● Task: Would you please restate all of the entries exactly, apart from the pictures?

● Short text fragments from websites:
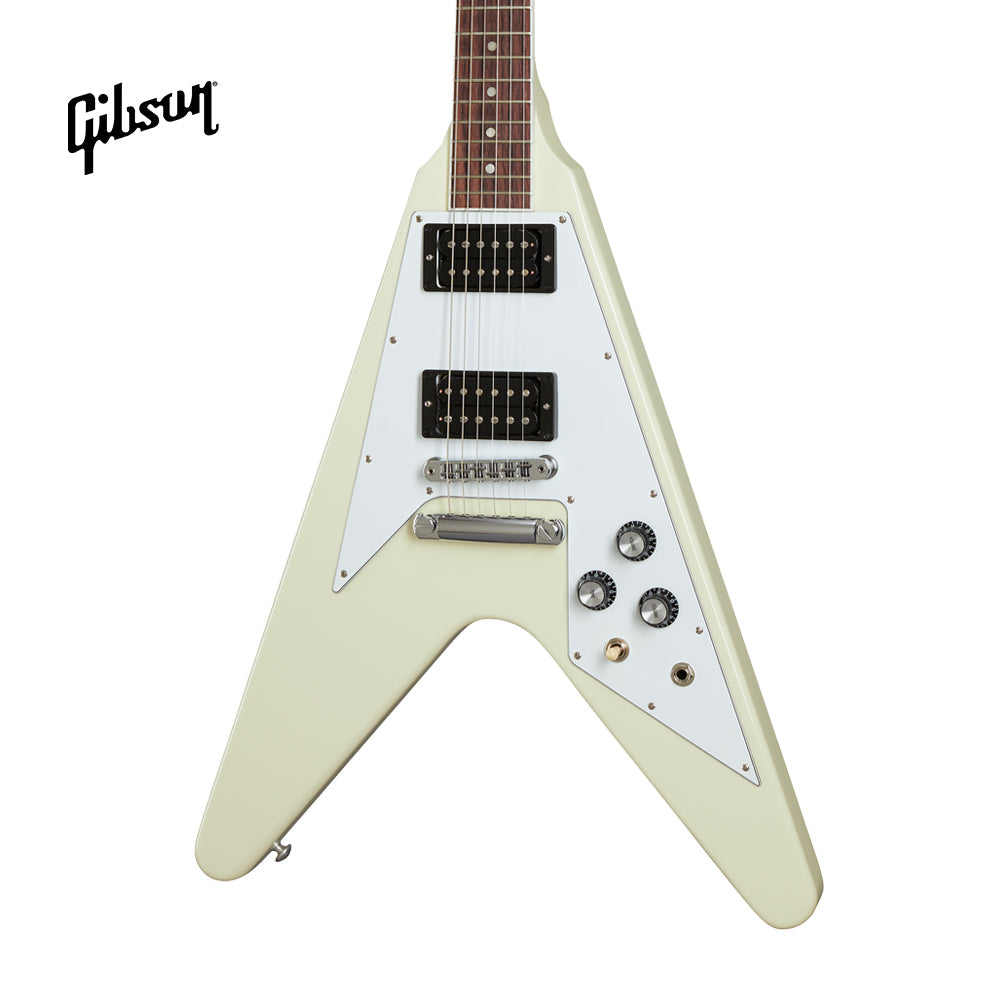 GIBSON 70S FLYING V ELECTRIC GUITAR - CLASSIC WHITE - Music Bliss Malaysia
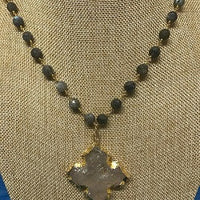 Moon Gemstone Necklace with French Cross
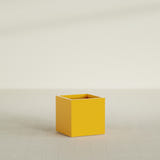 Montroy Cube Planter in Gloss Saffron, 24", shown empty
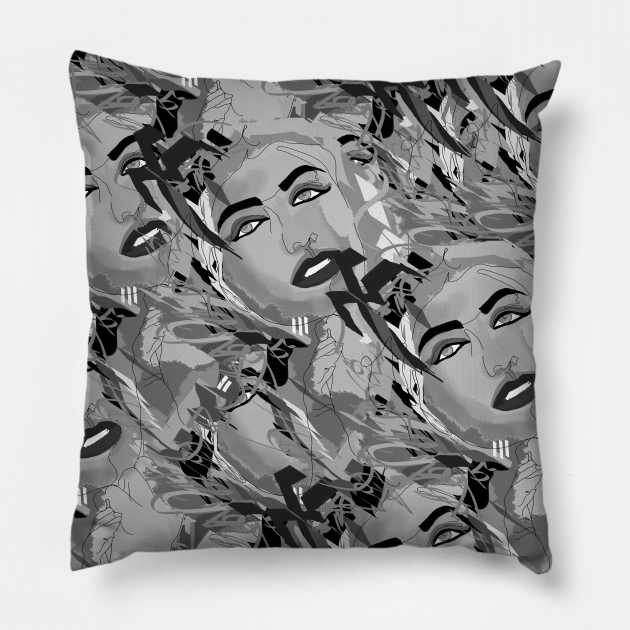 Abstract Portraits Pillow by jen28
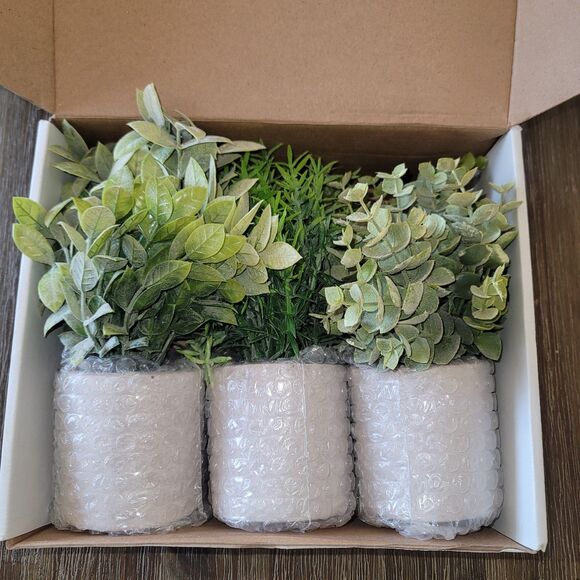 COPY - Set of 3 Small Artificial Potted Plants – Faux Greenery for Home & Offic… - Picture 4 of 4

● Exercise output:
 GIBSON 70S FLYING V ELECTRIC GUITAR - CLASSIC WHITE - Music Bliss Malaysia
 Moon Gemstone Necklace with French Cross
 Montroy Cube Planter in Gloss Saffron, 24", shown empty
 Abstract Portraits Pillow by jen28
 COPY - Set of 3 Small Artificial Potted Plants – Faux Greenery for Home & Offic… - Picture 4 of 4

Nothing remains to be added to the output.